Saint guérisseur, célèbre pour soigner les impotents des jambes et des bras, Saint-Prix fut l’objet d’un véritable culte. Chaque année, au mois de juillet, débutait le pèlerinage. Les fidèles et les impotents gravissaient alors la butte de Montmorency, récitant psaumes et prières, pour venir se baigner dans la fontaine.

 

La fontaine aux pèlerins

Cette fontaine aux pèlerins sous le haut patronage de Saint-Prix détermina le changement de nom de notre ville. L’important pèlerinage qui s’y développa durant tout le moyen âge incita les édiles, au XVème siècle, à rebaptiser la ville du nom du saint connu pour soulager les malades. Le village de Thor devint Saint-Prix. Ce bourg médiéval, à la lisière de la forêt de Montmorency, est parfaitement préservé aujourd’hui.

 

La double révolution du train et du phylloxera

Le XIXème siècle fût une double révolution. La première révolution, en 1846, fût l’arrivée du chemin de fer qui transforma la ville en profondeur. La vallée de Montmorency devient alors une zone de villégiature pour les Parisiens et Saint-Prix se couvrit de demeures de plaisance. Les maisons en meulière, typique de cette époque et de notre terroir, se multiplient entre le bourg ancien de Saint-Prix et la gare du Gros noyer.
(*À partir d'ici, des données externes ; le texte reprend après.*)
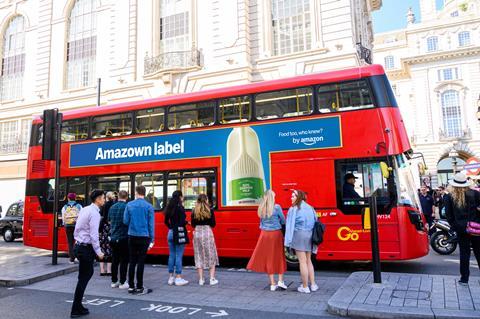 BUS-T_SIDE-CENTRE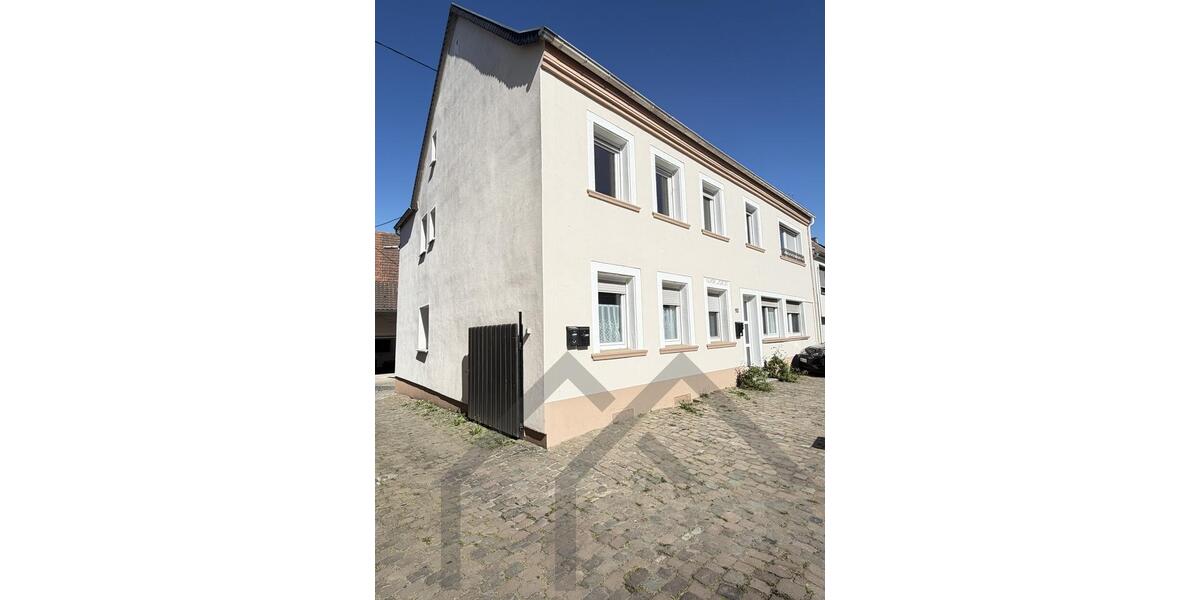 Etagenwohnung Blieskastel - 3 Zimmer, 83 m&sup2;, 700&euro; | Angebot:26620855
La seconde révolution fut la crise du phylloxera. Cet insecte ravagea les vignes françaises à la toute fin du XIXème siècle. Saint-Prix, qui fut resté durant des siècles un haut lieu de la production vinicole française vit cette activité disparaître du jour au lendemain.

Notre ville était fin prête à entrer de plain-pied dans le XXème siècle et de venir telle que nous la connaissons aujourd’hui.